BEGIN Dataset excerpts
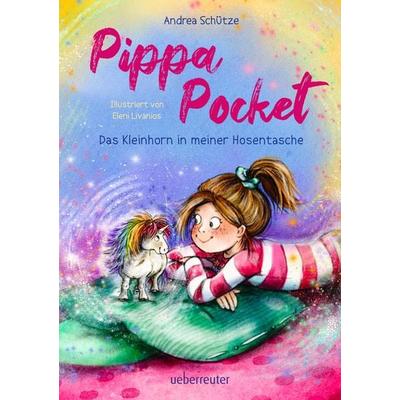 Pippa Pocket – Das Kleinhorn in meiner Hosentasche (Kleinhorn Pippa Pocket, Bd. 1), Gebundene Ausgabe von Andrea Schütze, Ueberreuter Verlag, Kinder-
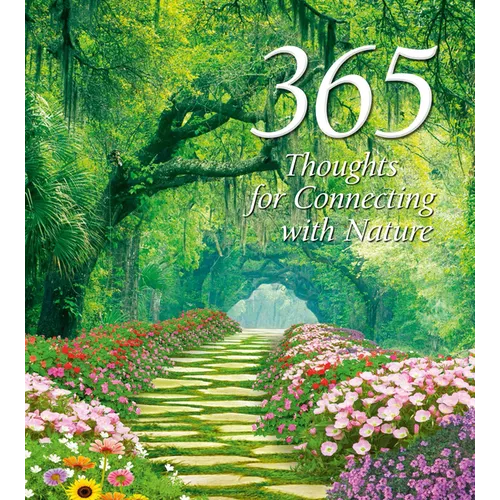365 Thoughts for Connecting with Nature - Hardcover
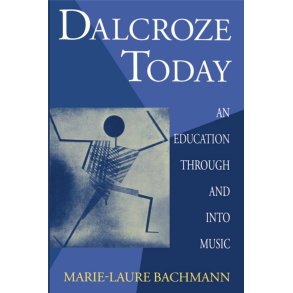 Dalcroze Today : An Education through and into Music
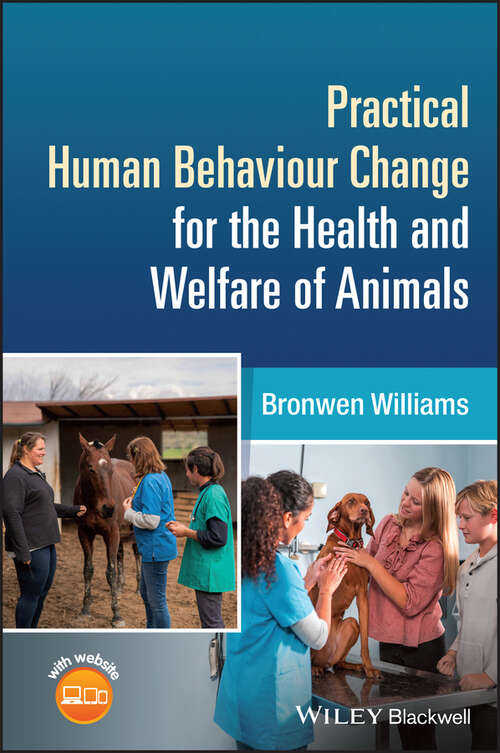 Book cover of Practical Human Behaviour Change for the Health and Welfare of Animals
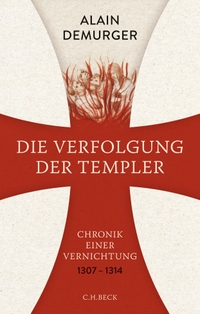 Buchcover: Alain Demurger. Die Verfolgung der Templer - Chronik einer Vernichtung. C.H. Beck Verlag, München, 2017.
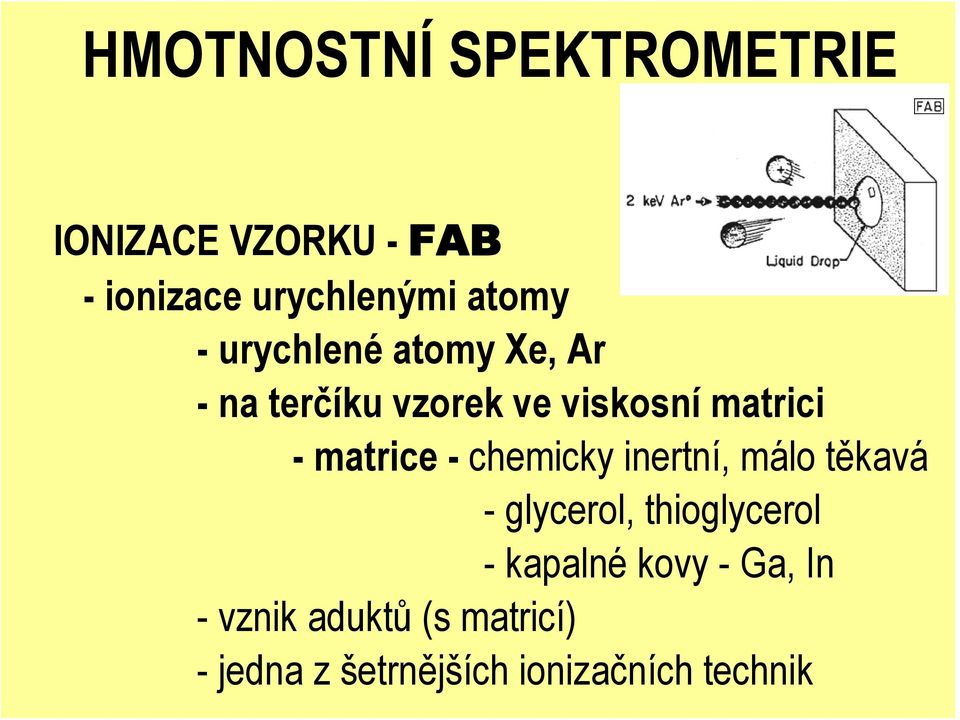 -matrice -chemicky inertní, málo těkavá - glycerol, thioglycerol - kapalné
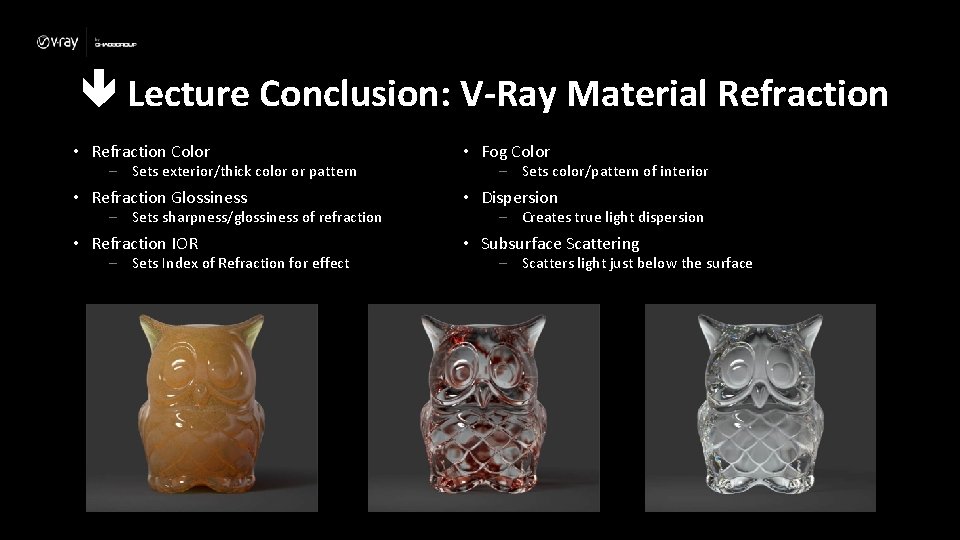  Lecture Conclusion: V-Ray Material Refraction • Refraction Color • Fog Color • Refraction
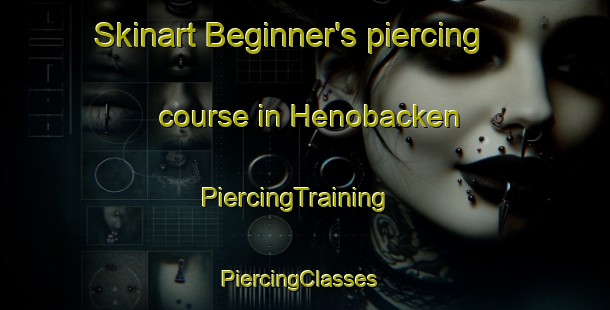 Skinart Beginner's piercing course in Henobacken | PiercingTraining | PiercingClasses | SkinartTraining-Finland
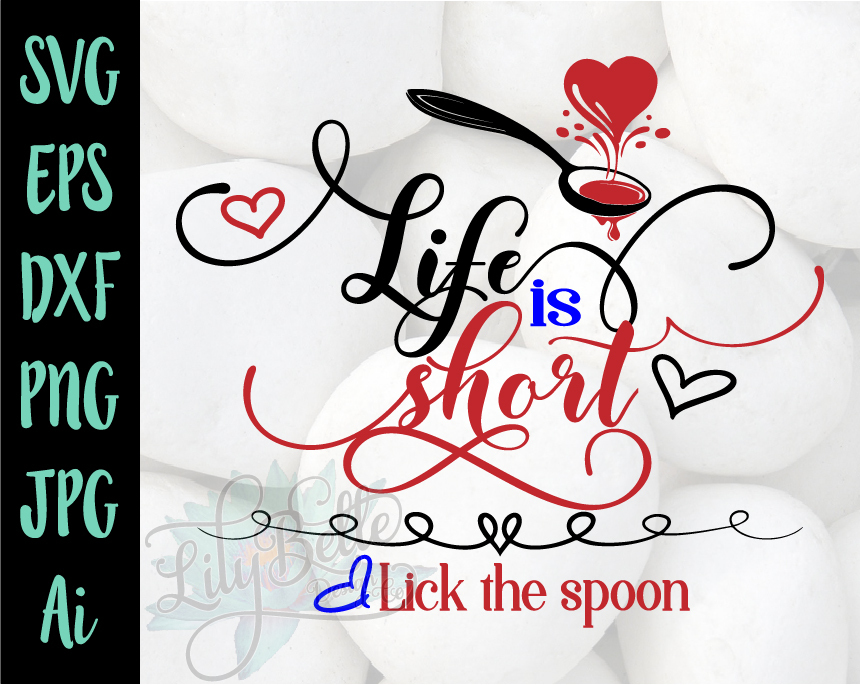 Life Is Short Lick The Spoon Svg
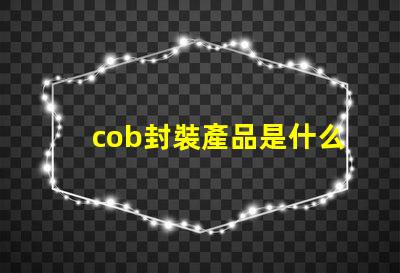 cob封裝產品是什么 cob日期是什么意思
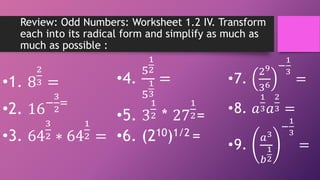 Review: Odd Numbers: Worksheet 1.2 IV. Transform
each into its radical form and simplify as much as
much as possible :
•4.
5
1
2
5
1
3
=
•5. 3
1
2 * 27
1
2=
•6. (210)1/2 =
•7.
29
36
−
1
3
=
•8. 𝑎
1
3𝑎
2
3 =
•9.
𝑎3
𝑏
1
2
−
1
3
=
•1. 8
2
3 =
•2. 16−
3
2
=
•3. 64
3
2 ∗ 64
1
2 =
 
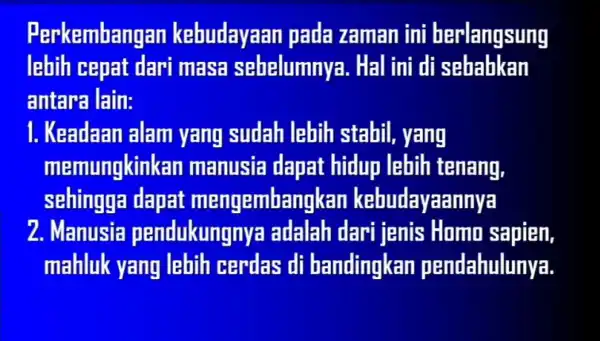 Perkembang an kebudayaan pada zaman ini berlangsung lahih cepat dari masa sebelumnya . Hal ini di sebabkan antara lain: 1. Keadaan alam yang sudah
END Dataset excerpts
## Exercise directions
Once the line containing "Life Is Short Lick The Spoon Svg" is found, it and every line through the end of the records above should be output exactly, with no pictures.

## Written response
 Life Is Short Lick The Spoon Svg
 cob封裝產品是什么 cob日期是什么意思
 Review: Odd Numbers: Worksheet 1.2 IV. Transform
each into its radical form and simplify as much as
much as possible :
•4.
5
1
2
5
1
3
=
•5. 3
1
2 * 27
1
2=
•6. (210)1/2 =
•7.
29
36
−
1
3
=
•8. 𝑎
1
3𝑎
2
3 =
•9.
𝑎3
𝑏
1
2
−
1
3
=
•1. 8
2
3 =
•2. 16−
3
2
=
•3. 64
3
2 ∗ 64
1
2 =
 
 Perkembang an kebudayaan pada zaman ini berlangsung lahih cepat dari masa sebelumnya . Hal ini di sebabkan antara lain: 1. Keadaan alam yang sudah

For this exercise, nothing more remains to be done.